Civilization World was a massively multiplayer online Flash game in the Civilization game series, developed by Sid Meier and Firaxis Games. It was launched on July 6, 2011 on Facebook with the original name Civilization Network; the game title was changed to Civilization World on January 6, 2012. On February 28, 2013, it was announced that the game would be discontinued and was shut down on May 29, 2013.

==Gameplay==
Civilization World contained many gameplay elements featured in previous Civilization installments such as building houses, farming lands, researching science, collecting gold and expanding communities over several eras. The goal of each game was to reach the end with the most fame points which could be achieved by completing achievements, discovering new technologies, completing era victory conditions or building a wonder of the world.

Unlike previous installments in the series, the game featured real-time strategy rather than the turn-based strategy the series is known for. When in combat with another nation, the player was able to choose from ranged, melee, mobile and naval units. The battle field had limited slots for each unit which allowed the player to prioritize and strategically pick and choose unit placements. Mini-games had also been included to add more variety to the game.

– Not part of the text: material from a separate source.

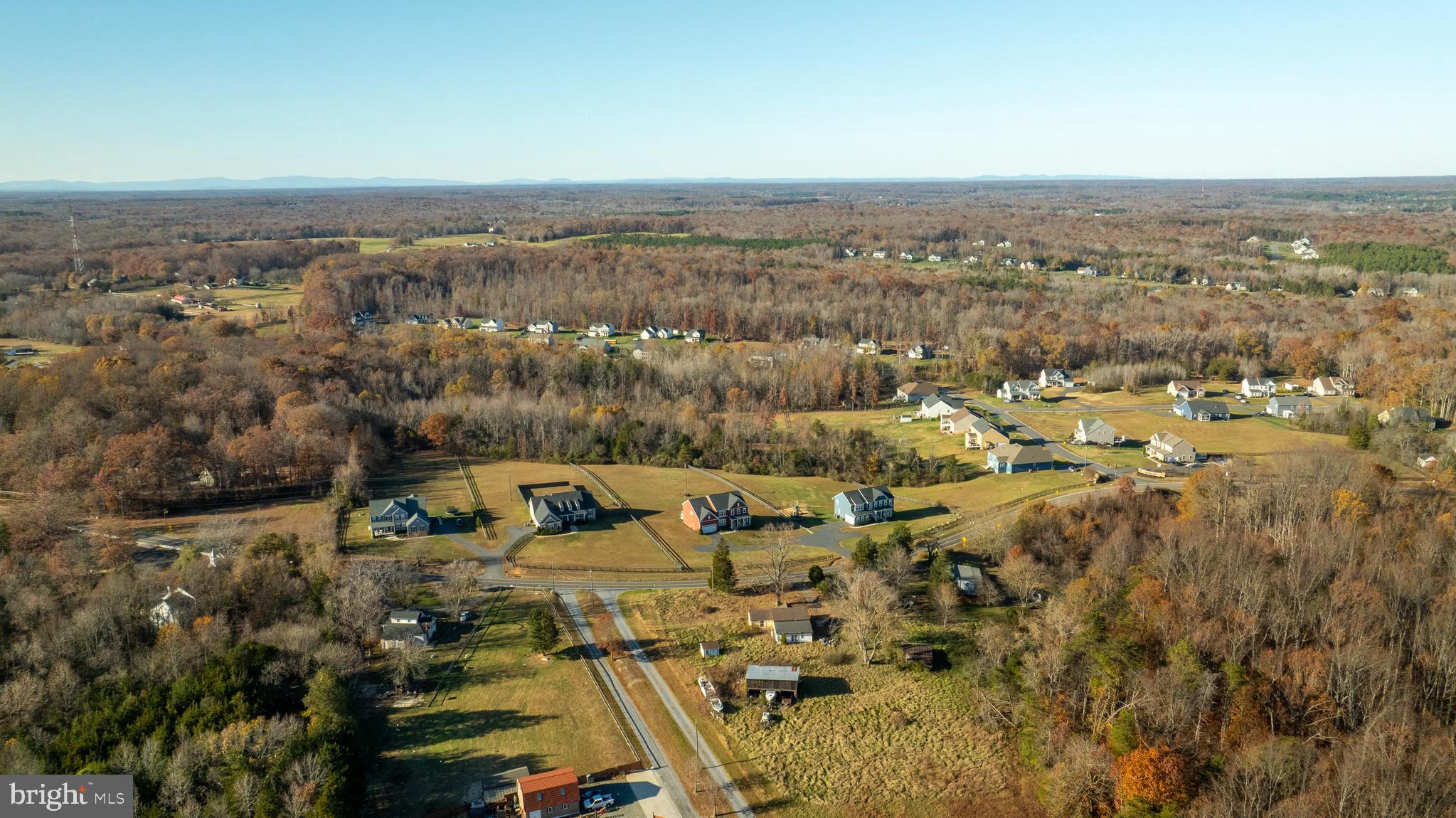 165 Kellogg Mill Road Fredericksburg, VA 22406 - Photo 80 of 101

Civilization World featured online compatibility and had a heavy emphasis on multiplayer which allowed player-to-player interaction. Players were allowed to play single-player or multiplayer matches allowing several players to work together and compete against others to achieve victory. Multiplayer allowed players to form independent nations and battle other competing nations, a feature not present in previous installments. Nations were structured by hierarchy, the highest being the king while other ranks include princes, dukes and other nobles. To be crowned king and become the leader of a nation, the player had to complete a series of objectives and achieve medals. Ranking was relative to all other players within the nation, meaning each player within a nation competed against each other to become king.

==Development==
According to an early (October 2009) announcement from Sid Meier, Civilization World was intended to offer "everything you enjoy in Civ in a fully persistent environment—you can play as much as you like, whenever you like, and it'll be free to play." From May to September 2010, the official 2K Games team offered no updates regarding Civilization World, causing many followers to believe the entire project had been scrapped (or indeed, never existed in the first place). In August, 2K Games' Community Manager "2K Greg" announced that Civilization World was, however, still very much alive. In November 2010, Take-Two's soon-to-be CEO (then the company's Executive Chairman) Strauss Zelnick confirmed once again that Civilization World was still in production, with the planned release date set for sometime in 2011.

==Release==
On July 6, 2011, Civilization World entered open beta and was made available to the public. On February 28, 2013, it was announced that the last day of play for CivWorld would be May 29, 2013. The game servers crashed about 6 minutes after the announced time.